Indeed. One is, of course, always on the lookout for a Cyclops or three-headed dog, but regular-looking guys are not generally thought to be dangerous. Earlier, referring to the murder trial, she mused to the victims’ family, “The details have been so gruesome. I don’t know how the two of you have the courage to sit there and listen to it.”
If her observations are often startlingly inane, her insights and opinions are sometimes amusingly nonsensical. In a piece on John Walker Lindh’s prison sentence, she talked about the disappointment that slain CIA agent Johnny Micheal Spann’s parents felt at the verdict, saying, “They thought he should get the death penalty at least. At the very least!” Who knew there was more?

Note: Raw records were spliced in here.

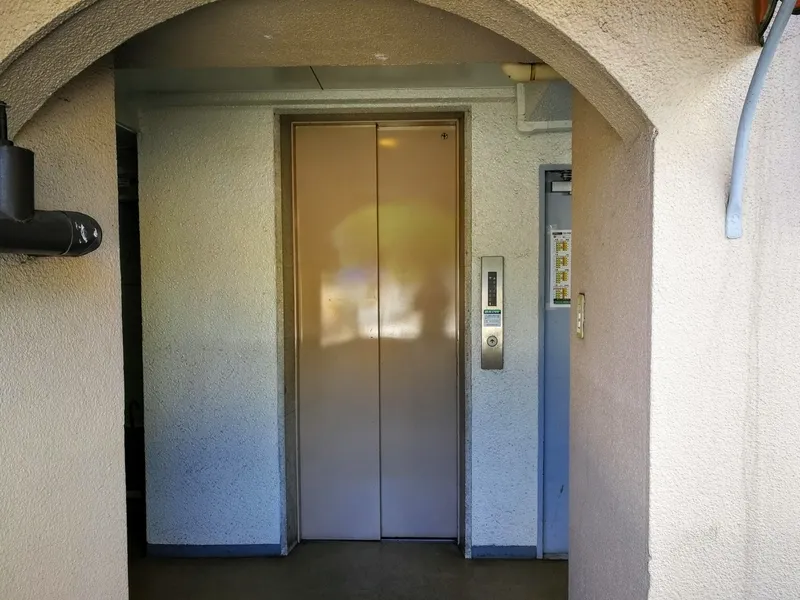 階段を上がった場所にあるエレベーターの写真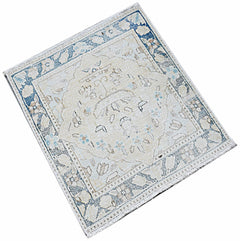 A mini vintage Persian Kerman rug featuring a central medallion and floral motifs in blue and cream.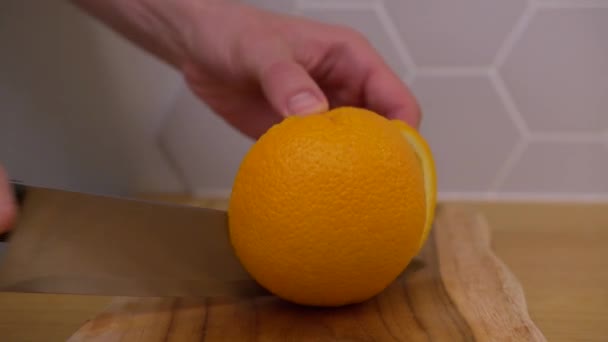 O homem corta a laranja e corta-a em cunhas — Vídeo de Stock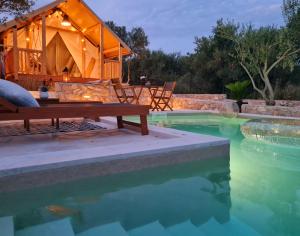 a luxury house with a swimming pool and a tent at AURAS - Glamping Eco Resort in Biograd na Moru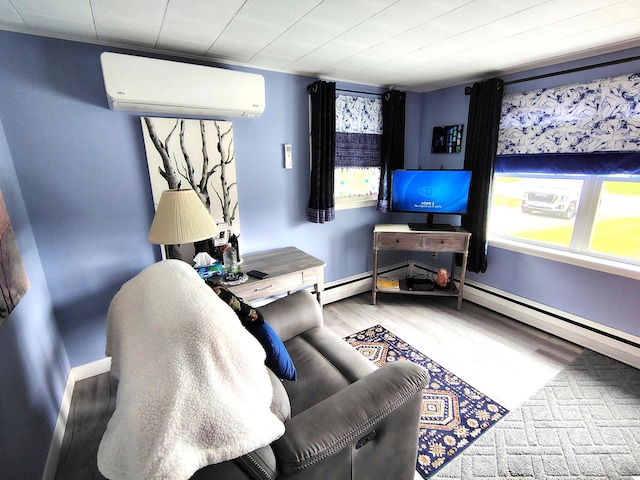 90 Whig St, Winterport, ME 04496 - living area with an AC wall unit, wood finished floors, baseboards, and a baseboard radiator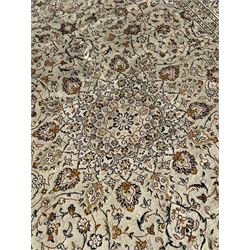 Persian Kashan ivory ground carpet, central medallion decorated with sixteen arranged palmette motifs, within a field decorated with swirling leafy branches and stylised plant motifs, the main border decorated with matching swirling pattern, within floral pattern guard stripes 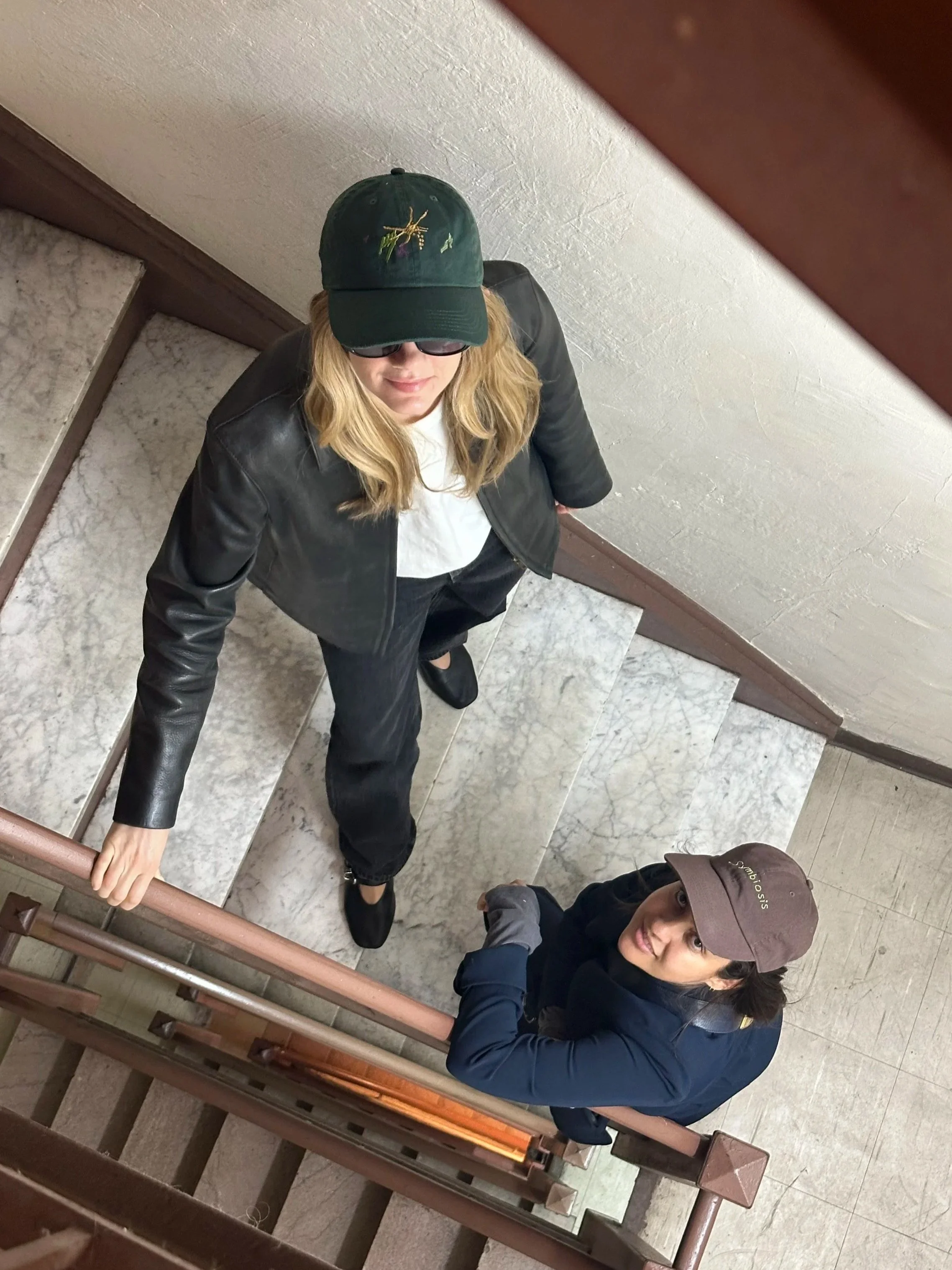 Two women are looking up at the camera at the top of a staircase. One woman, with long blonde hair, is wearing a black leather jacket, white shirt, black pants, and a green baseball cap with colorful embroidery. The other woman, with dark hair, is we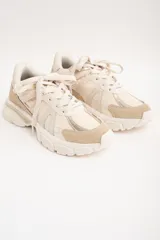 Zapatilla deportiva de diseño urbano en tonos neutros, combinando paneles de malla, gamuza y detalles metalizados en color dorado. Cuenta con suela robusta y acordonado frontal.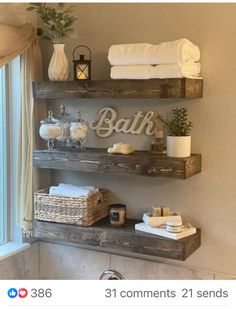 some shelves in a bathroom with towels and other items on top of them, next to a window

In an earlier piece on Paul Weiser, the man turned in to the police by Dear Abby columnist Jeanne Phillips after he wrote her describing his sexual feelings for little girls, she declared erroneously, “Suddenly a man who never touched a child was looking down the barrel of a life prison sentence.” Actually, as Chung explained later, what Weiser faced — and got — was eight years’ probation and a year of electronic surveillance after he pleaded guilty to possessing child porn. Then, at the end of the segment, Chung wondered whether Phillips did the right thing by turning him in, or whether she had violated pervert-columnist privilege.
Maybe it’s all the pedophile stories, but Connie seems to be having trouble focusing. When she is not sleepwalking through her interviews, her sudden enthusiasms seem misplaced. Introducing yet another tale of personal terror, she exclaims, “Tomorrow, you must see this story! It’s a horrifying story!”

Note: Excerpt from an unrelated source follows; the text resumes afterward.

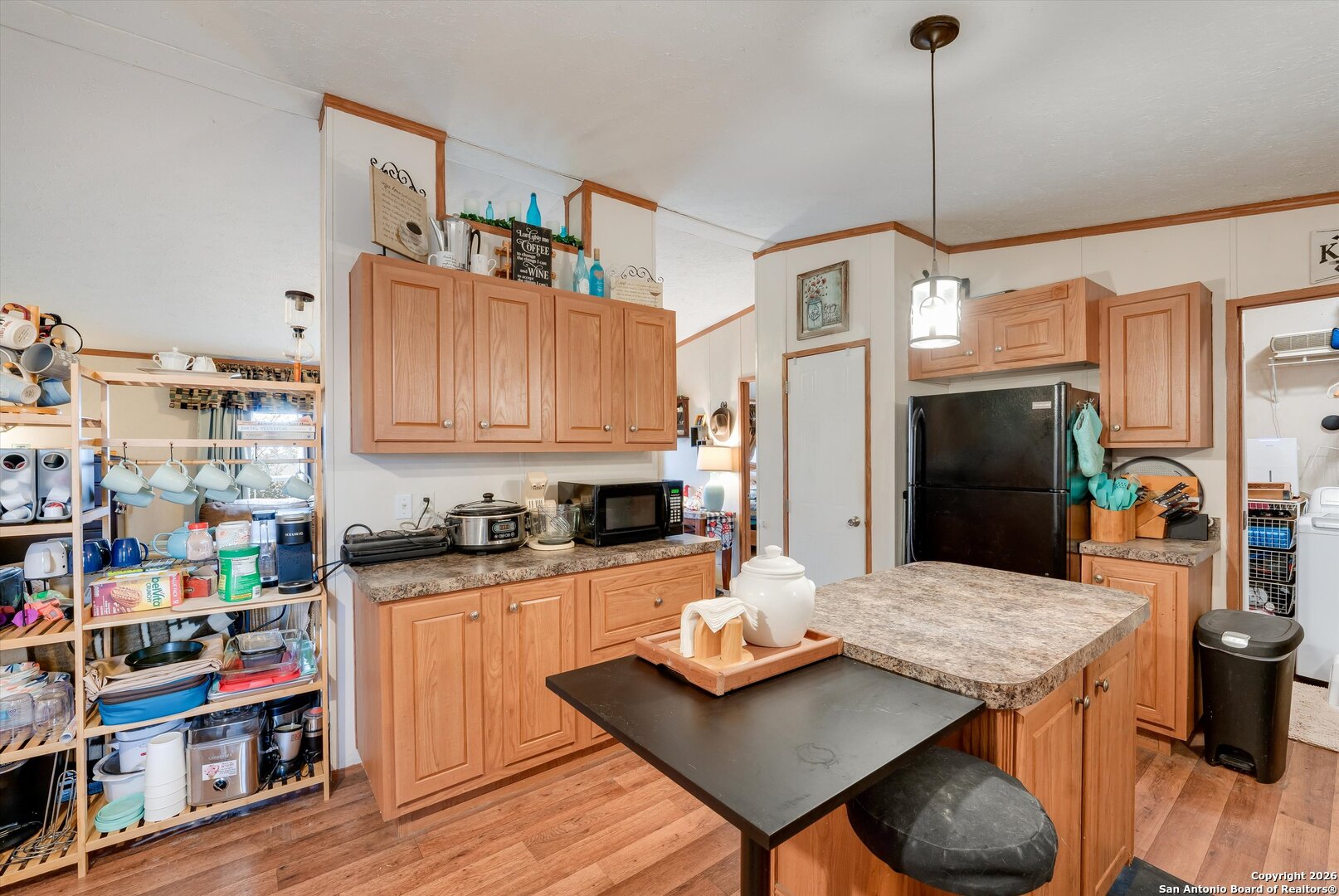 2760 Pioneer Road Seguin, TX 78155 - Photo 12 of 31 a kitchen with stainless steel appliances kitchen island granite countertop a table chairs in it and wooden floors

A horrifying story calls for a bombastic voice-over announcer, and CNN has gone with the ubiquitous voice of alarm that spices up many morning talk shows. (I seem to recognize the voice from “The View,” though I am loath to compare that show with “Connie Chung Tonight,” as it is consistently cannier and more relevant, even when presenting the new JC Penney fashions.) It’s a voice so exalted with alarm that it’s in constant danger of adding a touch of humor to stories intended to be serious or at least shocking.
An example: The voice intones, “Up next, should you step on a scale before you step on a plane? Overweight fliers, caught in the balance. When ‘Connie Chung Tonight’ continues,” as the camera trains on — do I have to say it? — a montage of big-butt-on-the-street shots.
After a while, you cannot help but wonder: Is this perhaps not Connie Chung, but Connie Povich we are looking at? I’m referring not just to the choice of topics, but the kind-yet-wise-yet-blithely-aloof host persona that is so ubiquitous on daytime TV. As Chung interviews overweight fliers who are suing Southwest Airlines for forcing them to buy additional seats on the plane, the woman, recalling the humiliation, starts to cry and Connie calls out to her staff several times for a tissue. Next, she brings on “someone on the other side of the story,” a man who sued Delta after having been forced to share his seat with roughly half of a very large row-mate. The man explains that he filed the suit against the airline “on a contract theory that I did not get what I paid for: namely, a seat.”
“Mr. Schaeffer,” Connie replies, as if suddenly awakened from her nap, “obviously you have a big problem with people who are overweight.”
Mr. Schaeffer’s jaw drops. He begins to explain that he is talking about corporate responsibility, and that he applauds Connie’s overweight guests for taking action against Southwest. Chung is too busy readying herself for another flying leap off the deep end to listen. “Why are you filing a lawsuit and making, as some people would say, a mountain out of a molehill?” An unfortunate choice, as some people would say, of cliché, given the topic at hand. But even this gaffe pales in comparison to the incongruity of the graphic placed directly beneath Connie’s guests, which reads, “Flying While Fat.” It’s a wonder they didn’t go with something more tasteful, like “Blubber on Board” or “On a Wing and a Lard Butt.”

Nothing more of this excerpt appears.